Extended Data Fig. 2 Analysis of the labeling specificity.
a) The distribution analysis of the PSMs for different photosensitizers in the open search. b) The distribution of singlet oxygen-sensitive amino acids in enriched peptide and human proteome. c) Labeling sites in closed search, where histidine (H) and one of the other 19 amino acids, as well as the N or C protein terminal, were jointly searched with differential masses of 229 and 247 Da. d) Box plot of percentage of histidine sites for combinations in c. The center line shows the median, while the box hinges mark the first and third quartiles. Whiskers indicate the full data range. n = 21 closed search analyses.
Extended Data Fig. 3
X-ray structure of the acyl-histamine oxidation product 7 (CCDC 2312673).

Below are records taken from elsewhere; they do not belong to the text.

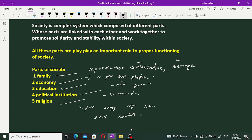یہ تمام parts آپس میں connected ہیں اور کسی بھی society کے proper functioning کے لیے بہت اہم role کرتے ہیں — جیسے human body کے اندر lungs، heart وغیرہ ہوتے ہیں جو body کو properly function کرنے میں مدد دیتے ہیں، اسی طرح یہ societal parts کام کرتے ہیں۔ اگر ان institutions میں سے کوئی کمزور ہو تو پوری society کمزور ہو جائے گی — کمزور education system سے political institution، economy، اور family بھی کمزور ہو جاتے ہیں۔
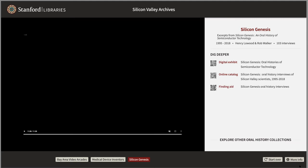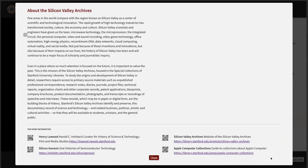We've also implemented a more info panel. So at any point in any experience, a visitor can click on this more info button and they get a modal with some more information about the Silicon Valley archives, and again, some QR codes to additional points of interest.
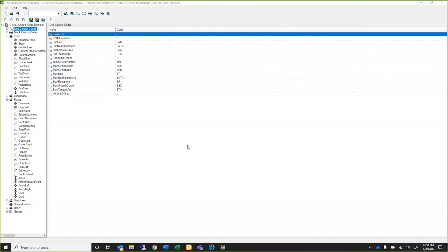We'll start inside of Feature Definition Manager and talk about line control codes first. First and foremost, these are line control codes, so if you try to use them with a point feature they're not going to work. You may have to create a line feature for something that may have been traditionally a point, or come up with a new word to coincide with that feature as a line.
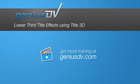For other great tips like this or to enroll in a Final Cut Pro training course, visit GeniusDV.com.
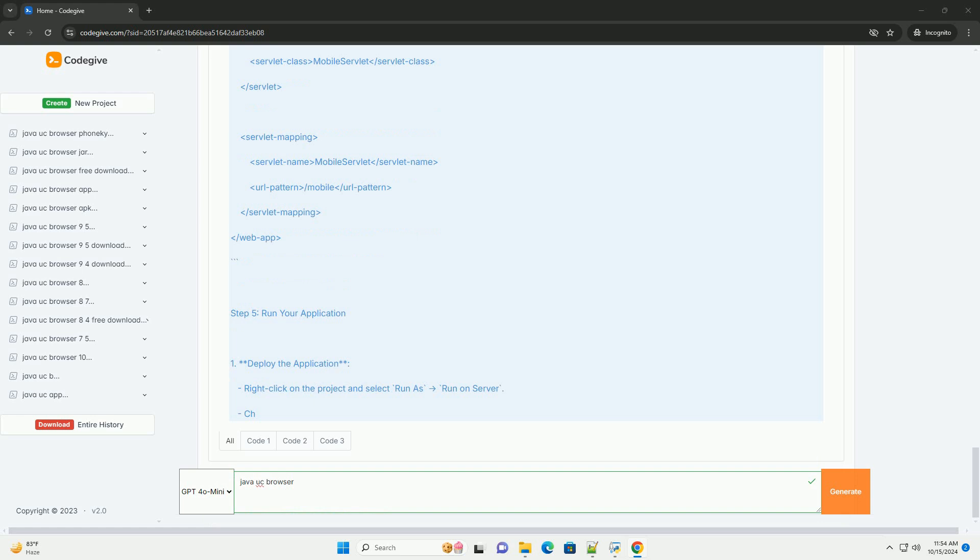Step 3: Create a CSS File for Styling. Create a CSS file by right-clicking on the Web Content folder, select New, File, and name it Style.css. Add basic styles by opening Style.css and adding the following.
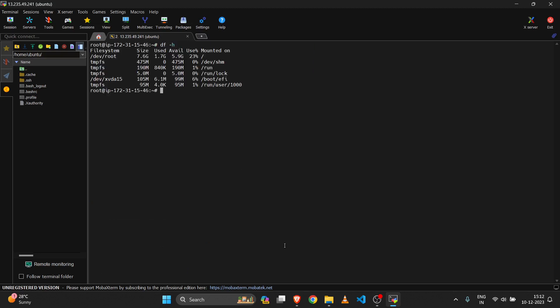You can execute any command using MobaXterm, so it is easy to connect to the server compared to PuTTY.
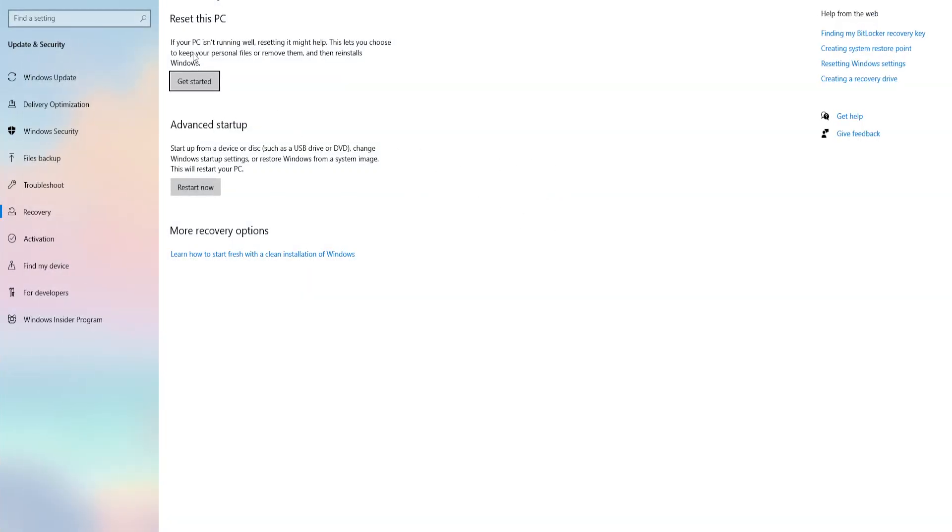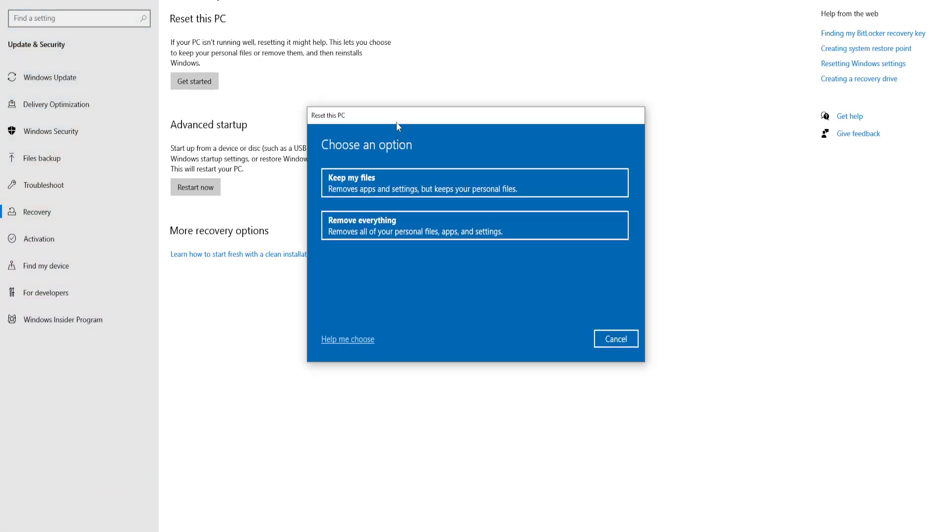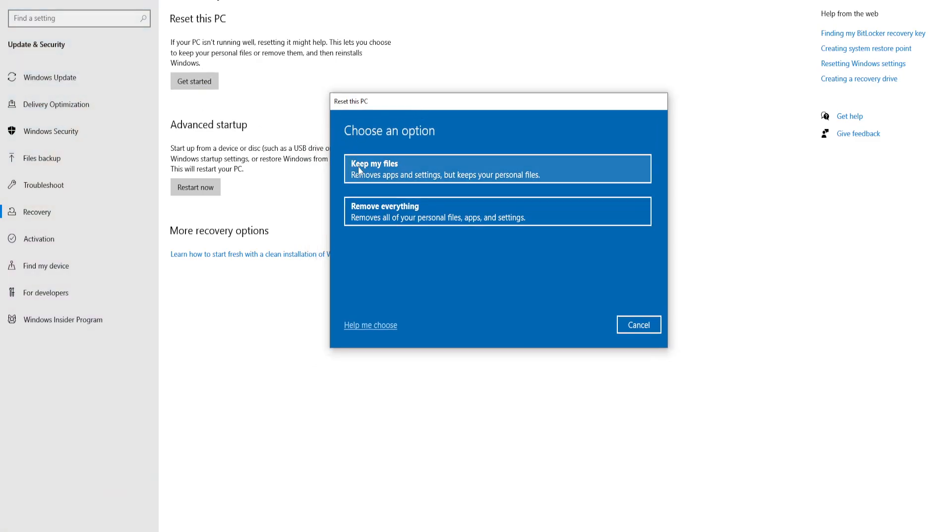We want to focus on this option here, the recovery options. If your PC isn't running well, resetting it might help. This lets you choose to keep your personal files or remove them and then reinstall Windows. If we click on 'get started' here, it will ask us to choose an option.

Extended Data Fig. 4 Bioinformatic analysis of non-identified and whole proteome histidiens.
a) Histogram plot showing the distribution of distances of non-identified histidine sites to the active sites for the identified proteins. b) Calculation of the proportions of identified histidine sites, non-identified histidine sites, and histidine residues in the active site for the identified proteins, as well as the proportion of histidine residues in the active site for the human proteome. c) The distribution of solvent accessibility of non-identified histidine residues in the identified proteins. d) The distribution of solvent accessibility of histidine residues in human proteome. e) The secondary structures analysis of the distribution of non-identified histidine sites in the identified proteome. f) The secondary structures analysis of the distribution of histidine residues in human proteome.
Extended Data Fig. 5 EDTA-sensitive histidines discovery.
a) Forward and reverse SILAC experiments were used to identify the metal-binding dependent histidine sites using the three additional photosensitizers: T5C, T5B, TO. b) Venn diagram illustrating the overlapping proteins identified with different photosensitizers.
Extended Data Fig. 6 Identification of differentially interacting proteins after mitophagy and validation of the interacting proteins knockdown.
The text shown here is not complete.